AREM: aligning short reads from ChIP-sequencing by expectation maximization - PubMed (original) (raw)
AREM: aligning short reads from ChIP-sequencing by expectation maximization
Daniel Newkirk et al. J Comput Biol. 2011 Nov.
Abstract
High-throughput sequencing coupled to chromatin immunoprecipitation (ChIP-Seq) is widely used in characterizing genome-wide binding patterns of transcription factors, cofactors, chromatin modifiers, and other DNA binding proteins. A key step in ChIP-Seq data analysis is to map short reads from high-throughput sequencing to a reference genome and identify peak regions enriched with short reads. Although several methods have been proposed for ChIP-Seq analysis, most existing methods only consider reads that can be uniquely placed in the reference genome, and therefore have low power for detecting peaks located within repeat sequences. Here, we introduce a probabilistic approach for ChIP-Seq data analysis that utilizes all reads, providing a truly genome-wide view of binding patterns. Reads are modeled using a mixture model corresponding to K enriched regions and a null genomic background.

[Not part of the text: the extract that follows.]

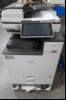 Ricoh IM C3000A, SN:3100R211666, 2 Papierkassetten, optisch schlechter  Zustand, Gehäuse mit Abschürfungen, Unterschrank defekt,Rollen fehlen,  Zähler gesamt: ca. s/w 64734, color ca. 46301 laut Statusseite, Toner fast verbraucht, Ausdrucke gut, R...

We use maximum likelihood to estimate the locations of the enriched regions, and implement an expectation-maximization (E-M) algorithm, called AREM (aligning reads by expectation maximization), to update the alignment probabilities of each read to different genomic locations. We apply the algorithm to identify genome-wide binding events of two proteins: Rad21, a component of cohesin and a key factor involved in chromatid cohesion, and Srebp-1, a transcription factor important for lipid/cholesterol homeostasis. Using AREM, we were able to identify 19,935 Rad21 peaks and 1,748 Srebp-1 peaks in the mouse genome with high confidence, including 1,517 (7.6%) Rad21 peaks and 227 (13%) Srebp-1 peaks that were missed using only uniquely mapped reads. The open source implementation of our algorithm is available at http://sourceforge.net/projects/arem.
Figures
FIG. 1.
(A) AREM workflow diagram. (B–E) DE novo discovery of motifs. From top to bottom: (B) CTCF in MACS peaks from uniquely mapping reads, (C) CTCF in AREM's peaks with multireads, (D) Srebp-1 in MACS peaks from uniquely mapping reads and (E) Srebp-1 in AREM peaks with multireads.
FIG. 2.
Graphs displaying varying parameters and number of possible alignments per read. (A) Total number of peaks discovered. (B) Percentage of peaks with repetitive sequences. (C) False discovery rate. (D) Percentage of peaks with motif.
Similar articles
- Discovering transcription factor binding sites in highly repetitive regions of genomes with multi-read analysis of ChIP-Seq data.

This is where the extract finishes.